- _What the task requires_: Pictures are to be left out. Return exactly the lines below from the one with "Doggy Dolly Комбинезон" up to and including the one with "Drop-Leaf Rolling Kitchen".

---------- Input data

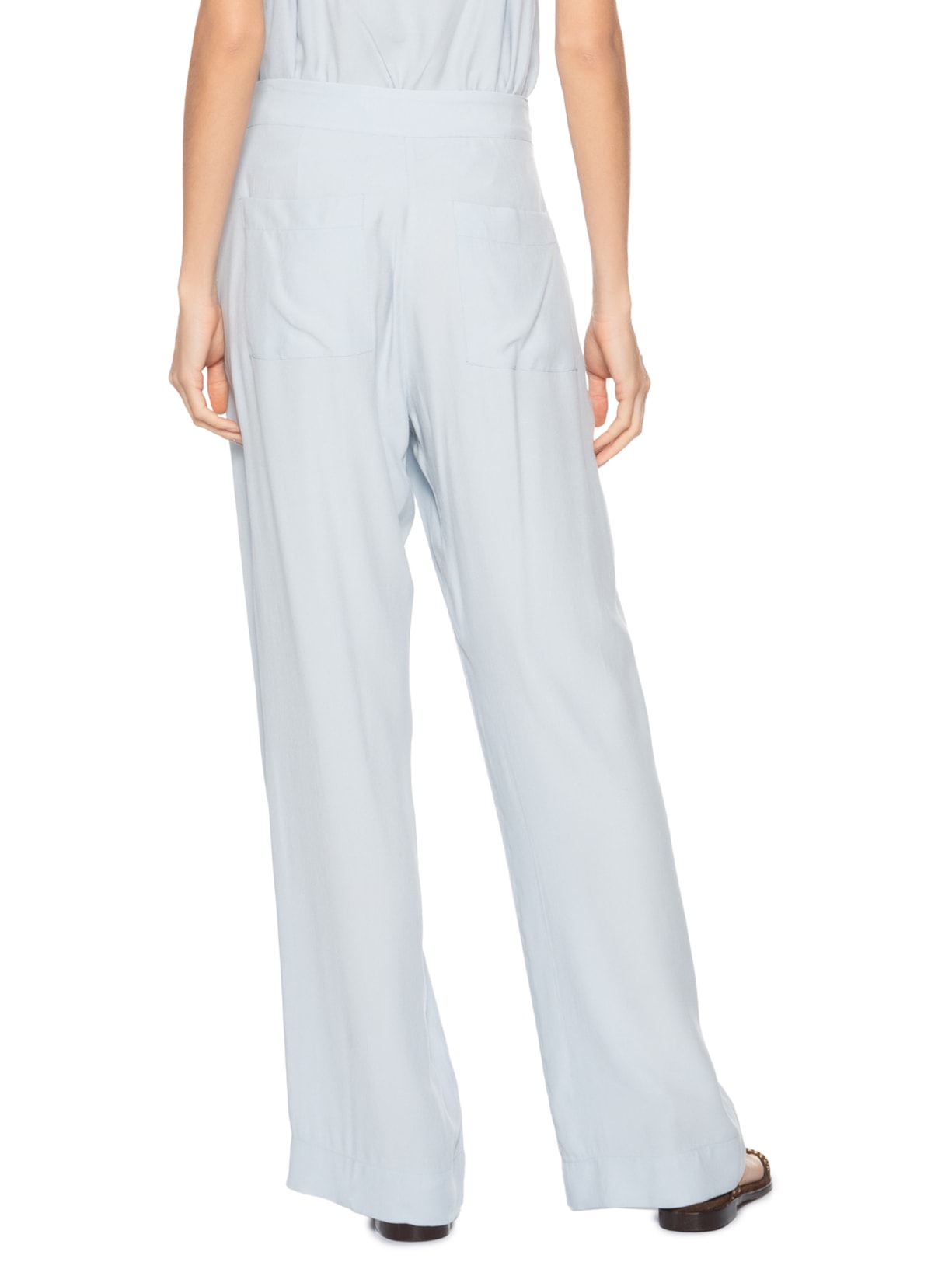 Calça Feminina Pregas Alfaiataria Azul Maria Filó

--------------------
---------- Input data

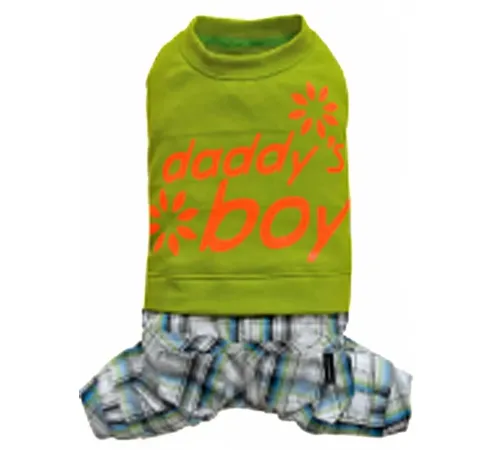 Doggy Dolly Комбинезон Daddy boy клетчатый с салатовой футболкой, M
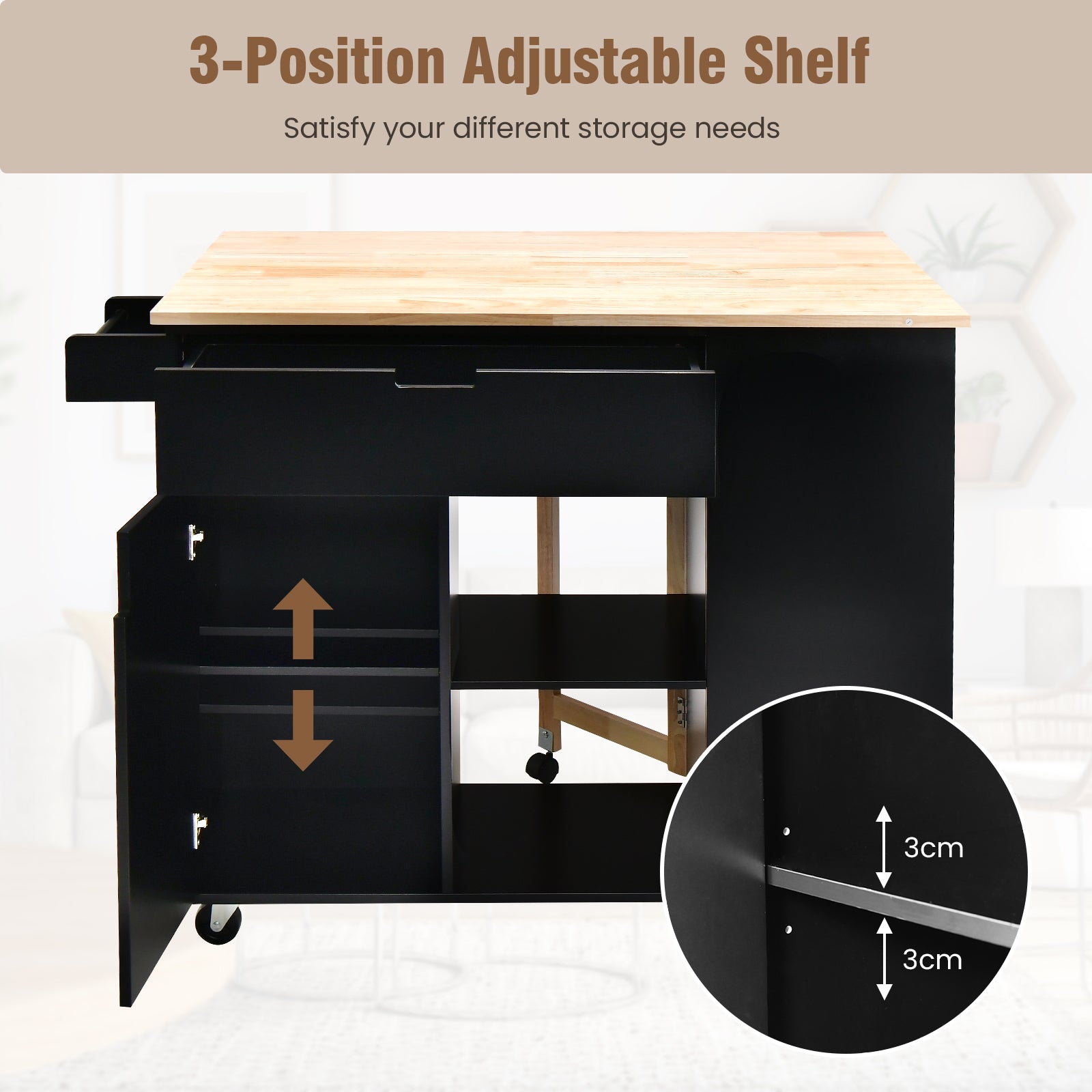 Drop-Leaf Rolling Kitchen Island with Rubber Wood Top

--------------------
---------- Input data

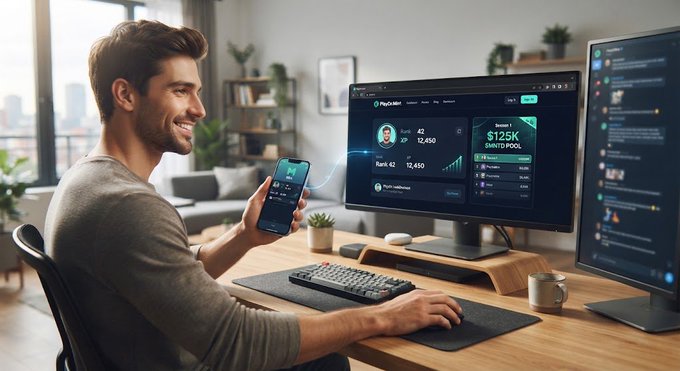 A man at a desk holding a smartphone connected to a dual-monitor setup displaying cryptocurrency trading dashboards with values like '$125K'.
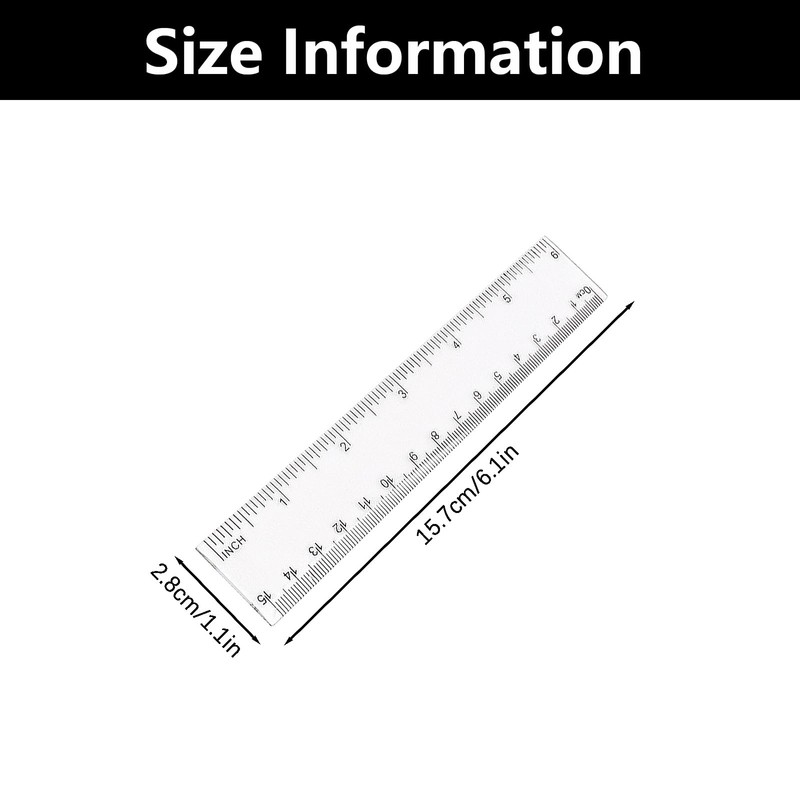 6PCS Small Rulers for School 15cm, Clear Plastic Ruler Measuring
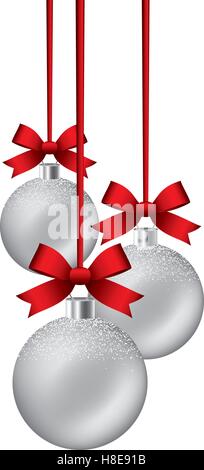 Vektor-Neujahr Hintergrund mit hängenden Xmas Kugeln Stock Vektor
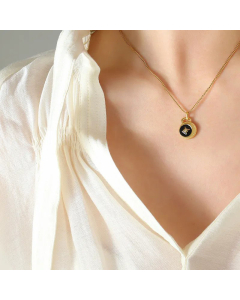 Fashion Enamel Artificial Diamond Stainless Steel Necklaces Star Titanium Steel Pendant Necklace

--------------------

- _Answer to the exercise_:
 Doggy Dolly Комбинезон Daddy boy клетчатый с салатовой футболкой, M
 Drop-Leaf Rolling Kitchen Island with Rubber Wood Top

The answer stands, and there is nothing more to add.